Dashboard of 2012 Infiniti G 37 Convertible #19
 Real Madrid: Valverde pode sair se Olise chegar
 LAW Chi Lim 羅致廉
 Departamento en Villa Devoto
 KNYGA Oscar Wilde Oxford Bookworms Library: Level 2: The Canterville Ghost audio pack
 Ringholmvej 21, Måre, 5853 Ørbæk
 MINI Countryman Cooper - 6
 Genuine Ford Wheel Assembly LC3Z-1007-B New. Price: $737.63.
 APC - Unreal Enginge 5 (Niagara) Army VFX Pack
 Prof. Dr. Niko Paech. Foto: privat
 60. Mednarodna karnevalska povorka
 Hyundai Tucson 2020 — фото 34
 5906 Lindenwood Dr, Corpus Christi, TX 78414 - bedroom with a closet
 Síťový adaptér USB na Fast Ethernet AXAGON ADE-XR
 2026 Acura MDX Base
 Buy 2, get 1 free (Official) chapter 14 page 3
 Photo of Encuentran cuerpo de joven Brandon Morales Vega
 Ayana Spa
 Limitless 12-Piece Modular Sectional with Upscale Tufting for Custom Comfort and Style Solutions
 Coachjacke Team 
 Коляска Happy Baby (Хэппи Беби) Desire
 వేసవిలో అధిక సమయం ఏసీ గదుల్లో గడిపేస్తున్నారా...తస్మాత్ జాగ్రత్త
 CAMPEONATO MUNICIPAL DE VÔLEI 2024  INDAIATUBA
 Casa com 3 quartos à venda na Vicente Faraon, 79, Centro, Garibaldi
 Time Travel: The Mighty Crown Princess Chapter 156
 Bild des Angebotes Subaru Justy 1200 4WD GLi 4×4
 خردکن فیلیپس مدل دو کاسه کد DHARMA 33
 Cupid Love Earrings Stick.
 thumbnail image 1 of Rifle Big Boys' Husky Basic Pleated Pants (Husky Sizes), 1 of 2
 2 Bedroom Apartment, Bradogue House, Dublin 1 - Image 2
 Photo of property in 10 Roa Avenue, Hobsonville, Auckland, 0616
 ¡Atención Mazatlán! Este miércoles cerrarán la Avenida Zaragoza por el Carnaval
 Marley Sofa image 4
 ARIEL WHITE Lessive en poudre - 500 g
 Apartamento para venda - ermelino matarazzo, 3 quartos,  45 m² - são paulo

What the exercise asks>
Output the material above exactly, but only from the line that carries "Real Madrid: Valverde" through the line that carries "Hyundai Tucson 2020 — фото 34".

Solution>
 Real Madrid: Valverde pode sair se Olise chegar
 LAW Chi Lim 羅致廉
 Departamento en Villa Devoto
 KNYGA Oscar Wilde Oxford Bookworms Library: Level 2: The Canterville Ghost audio pack
 Ringholmvej 21, Måre, 5853 Ørbæk
 MINI Countryman Cooper - 6
 Genuine Ford Wheel Assembly LC3Z-1007-B New. Price: $737.63.
 APC - Unreal Enginge 5 (Niagara) Army VFX Pack
 Prof. Dr. Niko Paech. Foto: privat
 60. Mednarodna karnevalska povorka
 Hyundai Tucson 2020 — фото 34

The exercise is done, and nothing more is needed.